━━━ Information shown ━━━
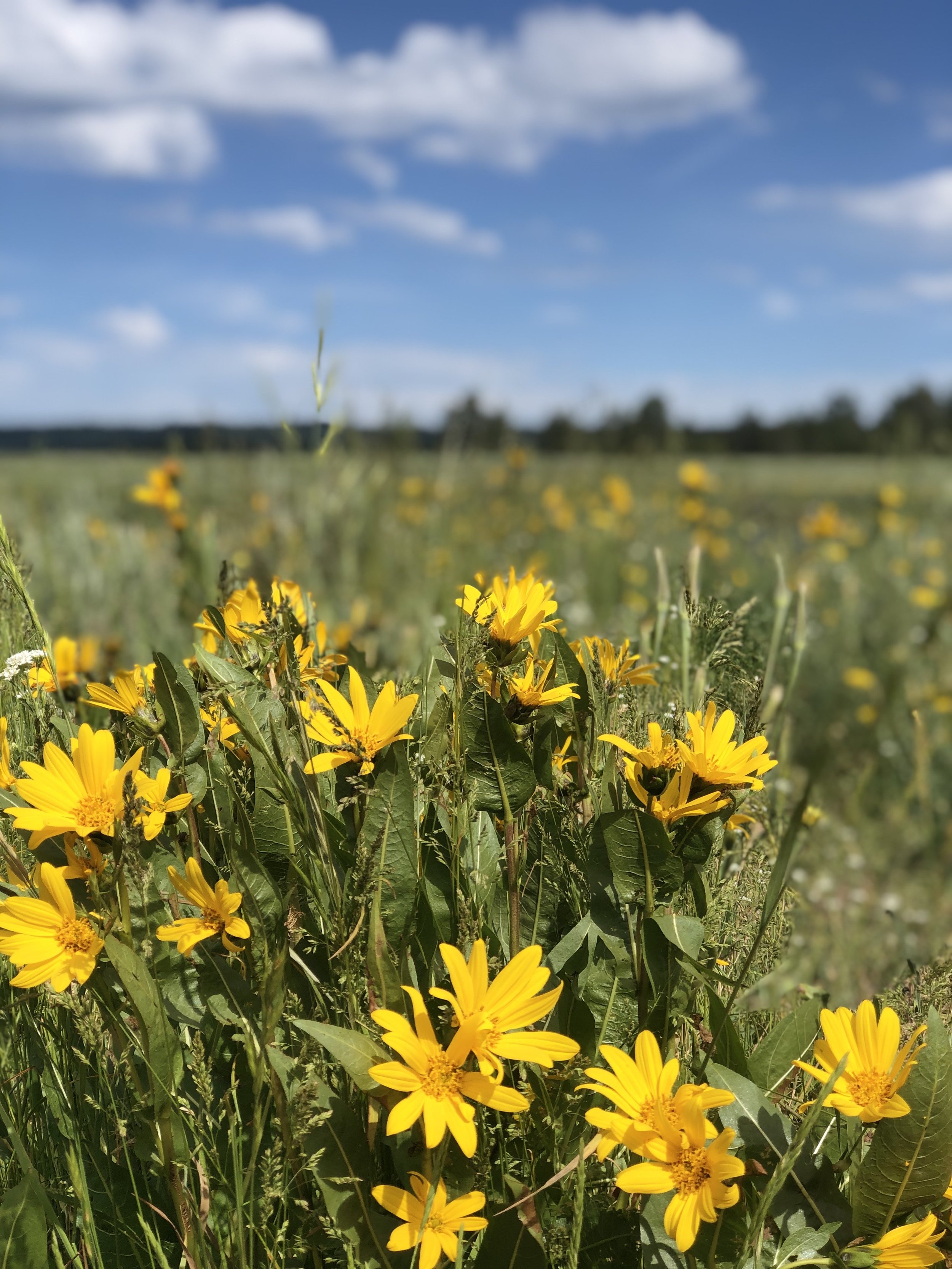 Field of yellow flowers with green leaves under a blue sky with clouds.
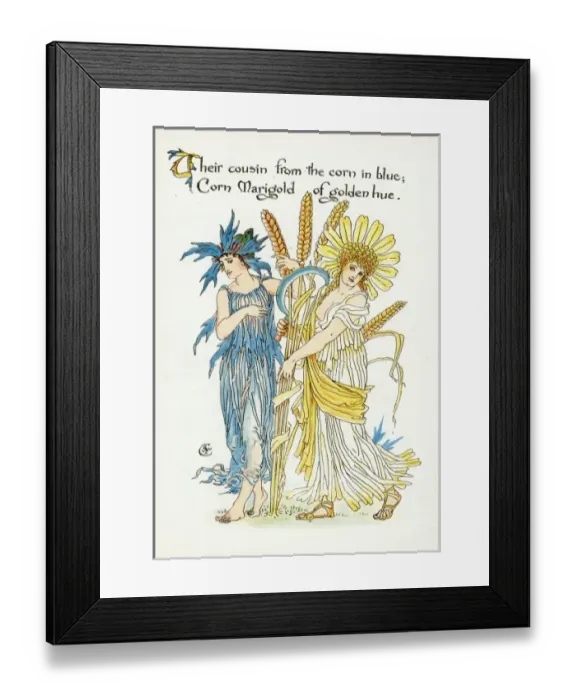 Framed Print : Chrysanthemum Segetum Framed Print : Chrysanthemum Segetum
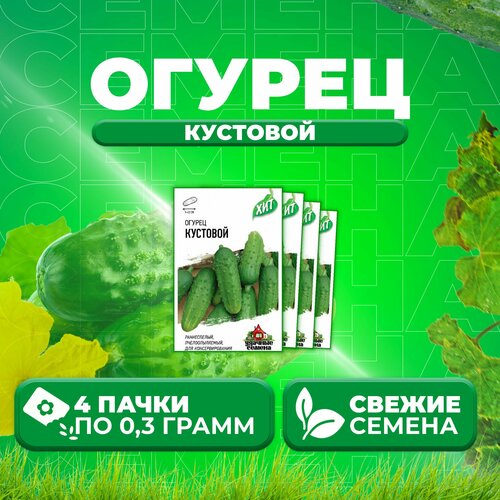 Огурец Кустовой, 0,3г, Удачные семена, серия ХИТ (4 уп)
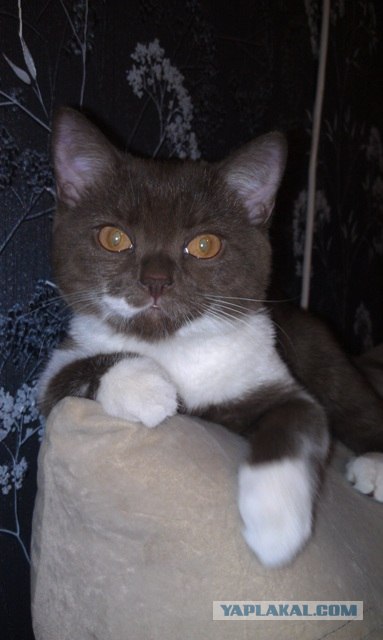 Котовторник ( 23.10. 2012. )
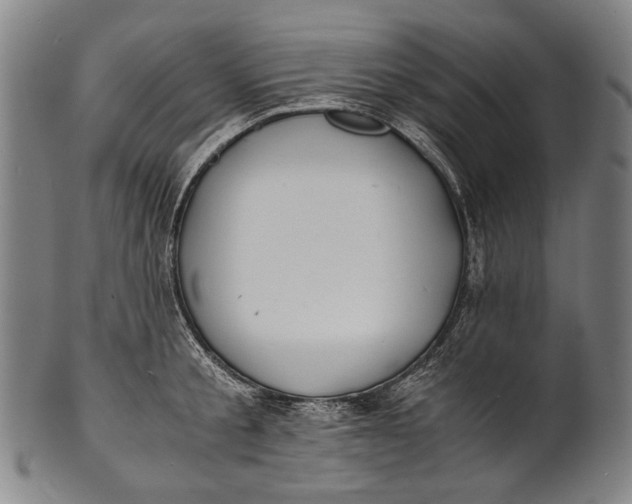 X0000100850805200807111214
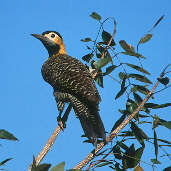 Campo Flicker, Goiás, Brazil, April 2001 - click for larger image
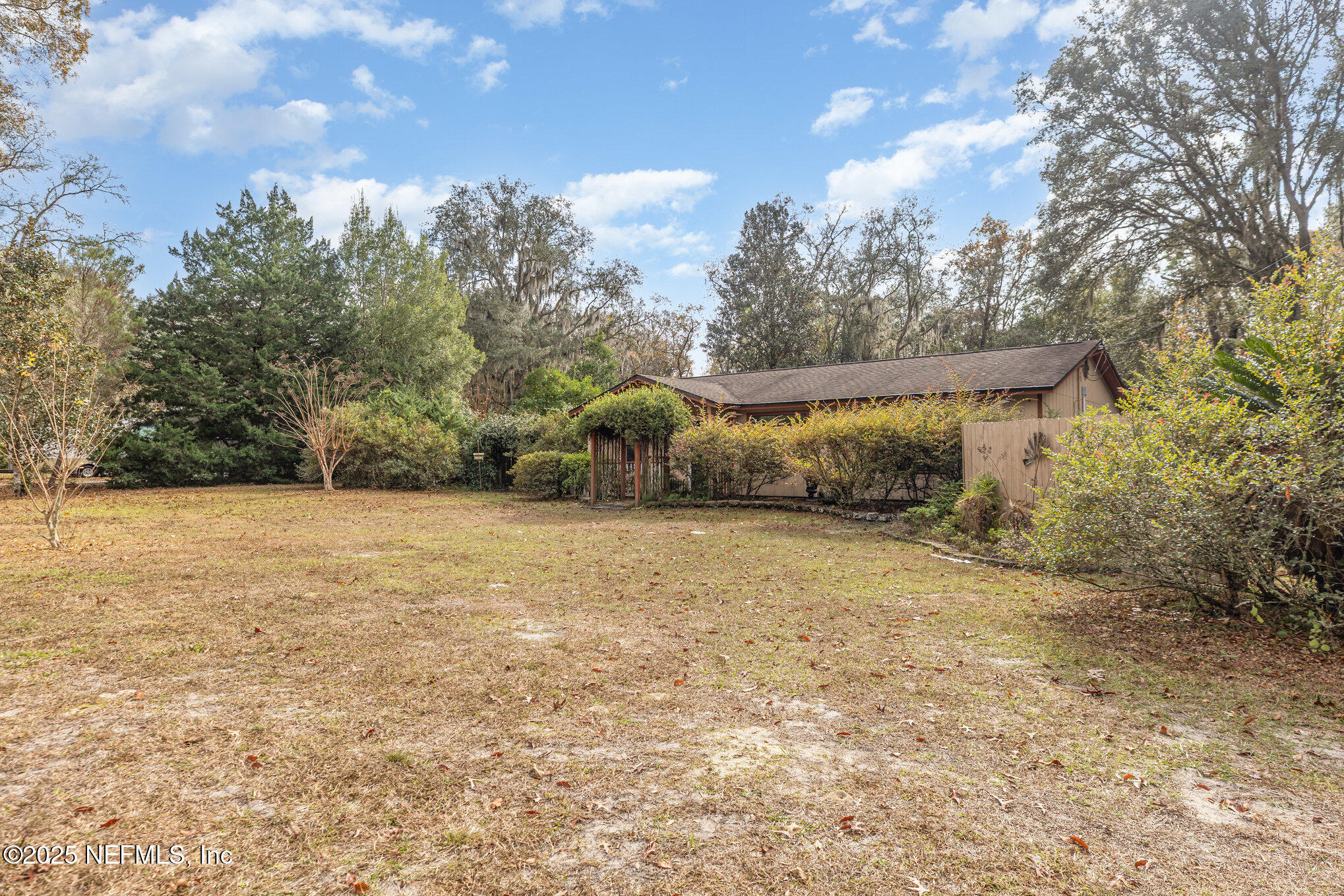 4341 Chokeberry Road Middleburg, FL 32068 - Photo 36 of 38 a view of a yard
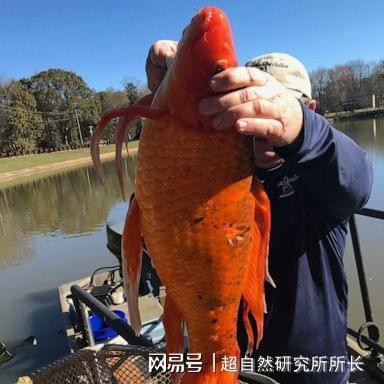 北海龍魚圖片欣賞大全集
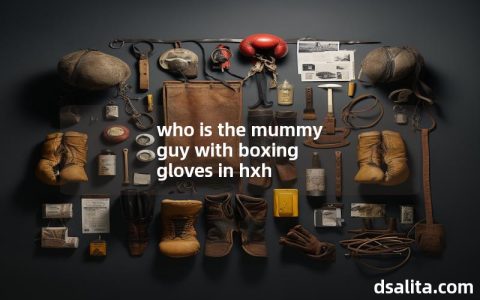 who is the mummy guy with boxing gloves in hxh-Dsalita Boxing
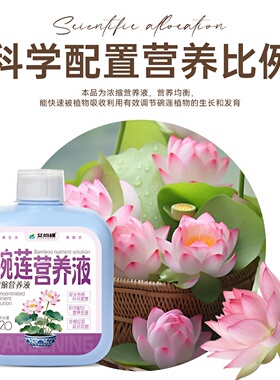 碗莲水培植物营养液厂家直销水培植物花卉庭院莲花种植花肥艾尚棵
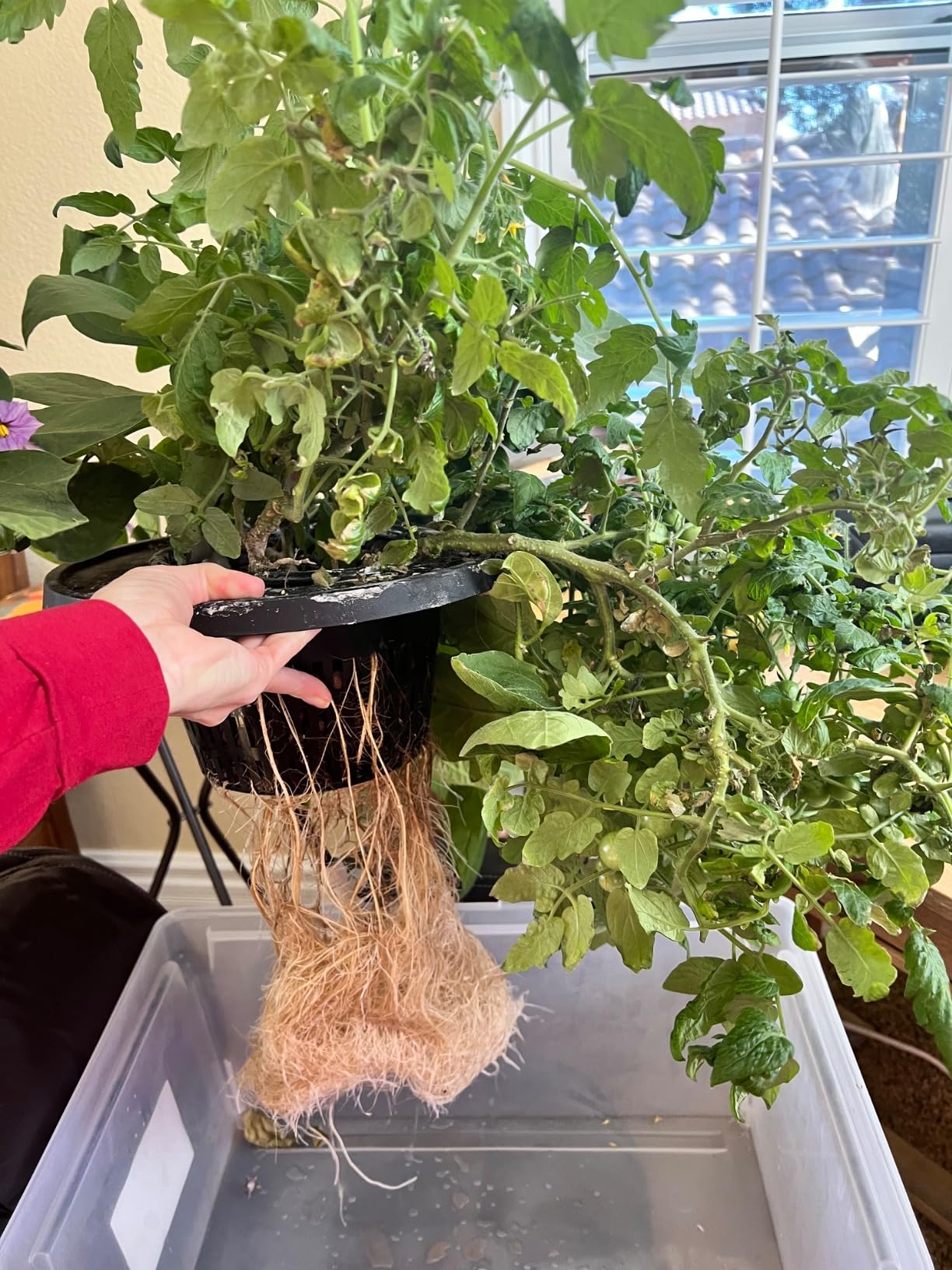 VIVOSUN DWC Hydroponics Grow System with Top Drip Kit 2 Buckets customer photo 2
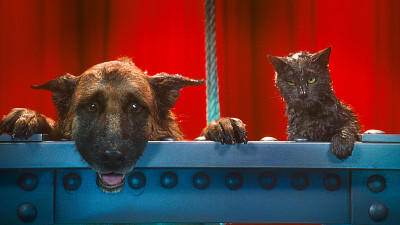 Cats & Dogs 2 Filmcheck Die Rache der Kitty Kahlohr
━━━
Your assignment:
Type the entries again verbatim. Drop the images.

Solution to this problem:
 Field of yellow flowers with green leaves under a blue sky with clouds.
 Framed Print : Chrysanthemum Segetum Framed Print : Chrysanthemum Segetum
 Огурец Кустовой, 0,3г, Удачные семена, серия ХИТ (4 уп)
 Котовторник ( 23.10. 2012. )
 X0000100850805200807111214
 Campo Flicker, Goiás, Brazil, April 2001 - click for larger image
 4341 Chokeberry Road Middleburg, FL 32068 - Photo 36 of 38 a view of a yard
 北海龍魚圖片欣賞大全集
 who is the mummy guy with boxing gloves in hxh-Dsalita Boxing
 碗莲水培植物营养液厂家直销水培植物花卉庭院莲花种植花肥艾尚棵
 VIVOSUN DWC Hydroponics Grow System with Top Drip Kit 2 Buckets customer photo 2
 Cats & Dogs 2 Filmcheck Die Rache der Kitty Kahlohr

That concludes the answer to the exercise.